## Task goal
Pictures must be kept out of the copy. Every entry is to be duplicated exactly.

## Record set
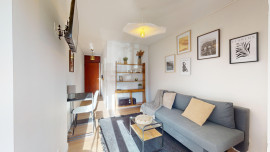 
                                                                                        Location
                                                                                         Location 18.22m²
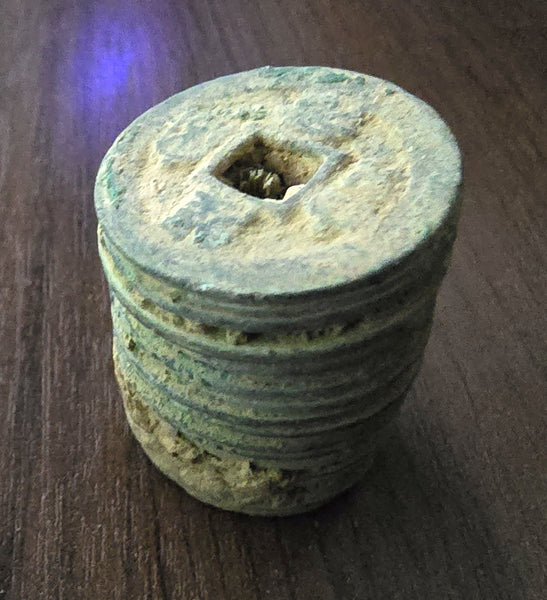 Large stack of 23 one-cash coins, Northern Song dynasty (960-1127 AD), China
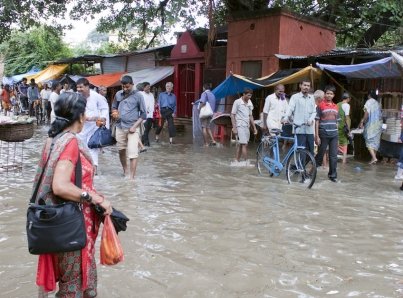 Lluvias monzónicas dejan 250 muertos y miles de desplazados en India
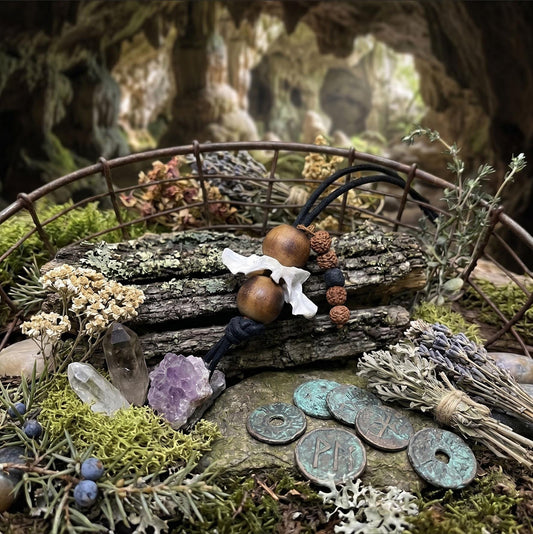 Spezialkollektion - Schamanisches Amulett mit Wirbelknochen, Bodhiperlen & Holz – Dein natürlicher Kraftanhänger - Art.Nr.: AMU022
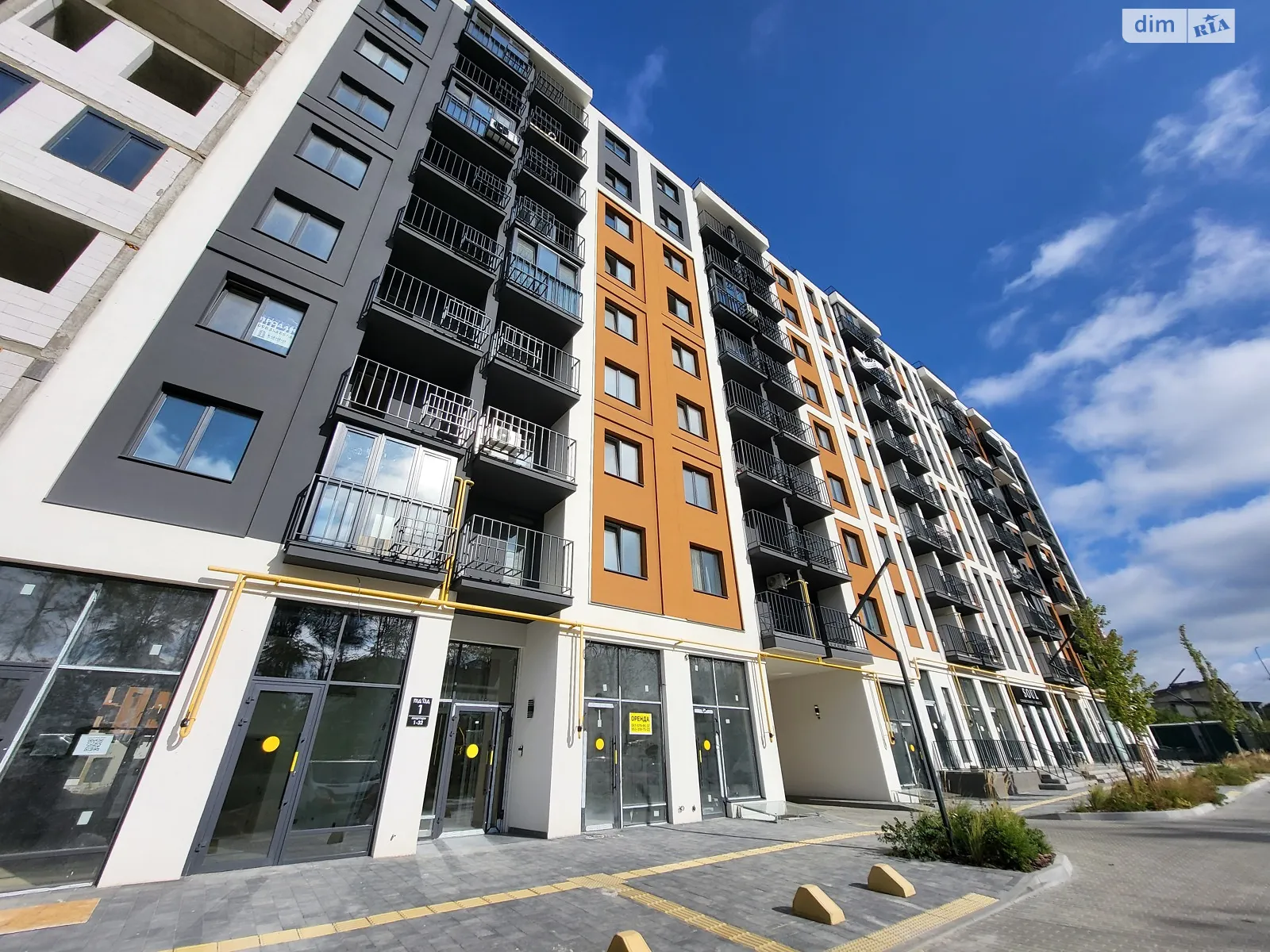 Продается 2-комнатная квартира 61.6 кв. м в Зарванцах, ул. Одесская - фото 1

## Output of the task
                                                                                        Location
                                                                                         Location 18.22m²
 Large stack of 23 one-cash coins, Northern Song dynasty (960-1127 AD), China
 Lluvias monzónicas dejan 250 muertos y miles de desplazados en India
 Spezialkollektion - Schamanisches Amulett mit Wirbelknochen, Bodhiperlen & Holz – Dein natürlicher Kraftanhänger - Art.Nr.: AMU022
 Продается 2-комнатная квартира 61.6 кв. м в Зарванцах, ул. Одесская - фото 1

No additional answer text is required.